## Data below
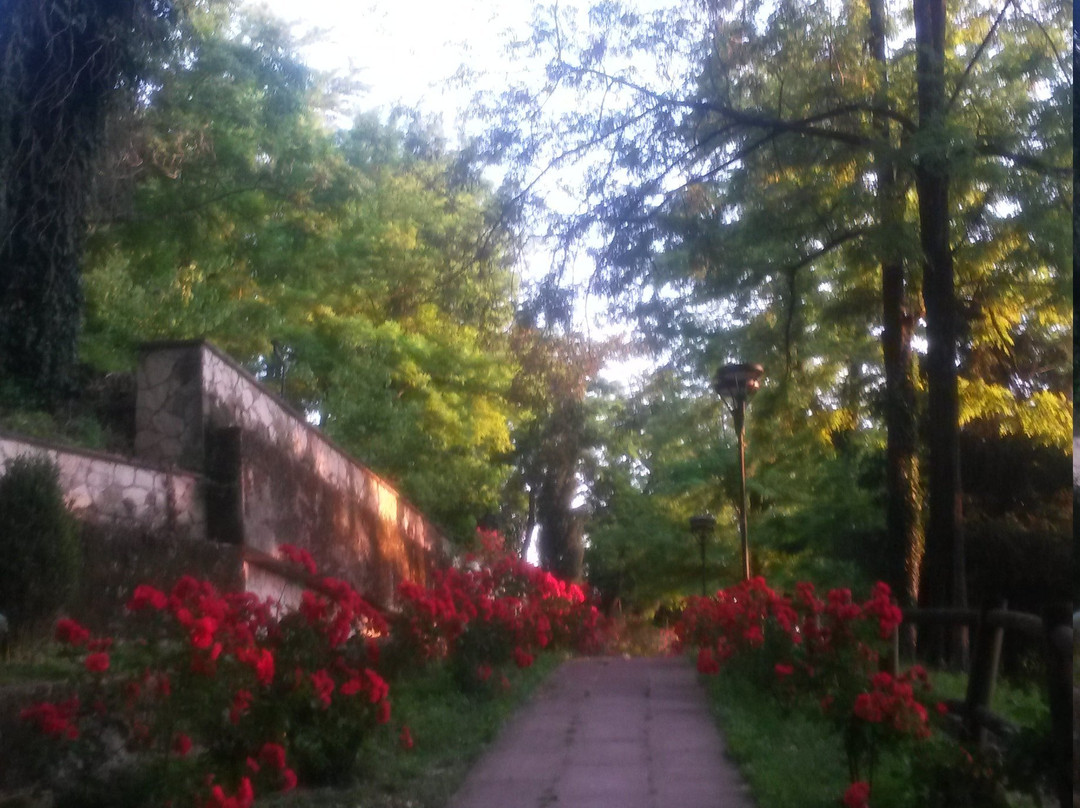 Parco Colline Moreniche di Castiglione景点图片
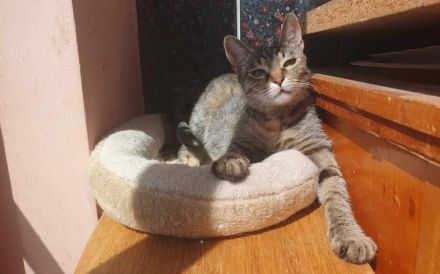 Die freundliche Naddel sucht ein Zuhause!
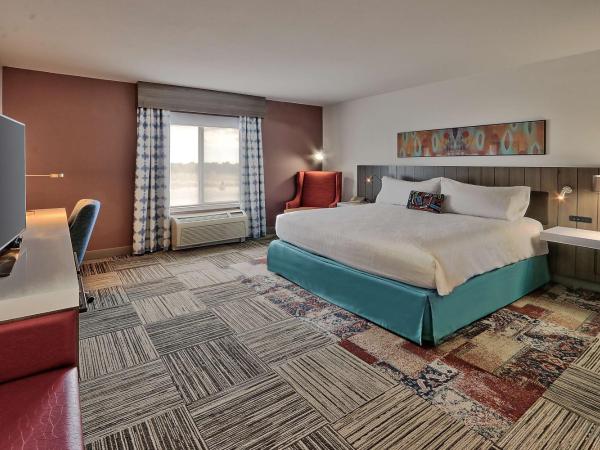 Hilton Garden Inn Albuquerque/Journal Center : photo 2 de la chambre chambre lit king-size avec douche accessible en fauteuil roulant - adaptée aux personnes à mobilité réduite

## Prompt
Set down the material above exactly. Skip any picture.

## Task response
 Parco Colline Moreniche di Castiglione景点图片
 Die freundliche Naddel sucht ein Zuhause!
 Hilton Garden Inn Albuquerque/Journal Center : photo 2 de la chambre chambre lit king-size avec douche accessible en fauteuil roulant - adaptée aux personnes à mobilité réduite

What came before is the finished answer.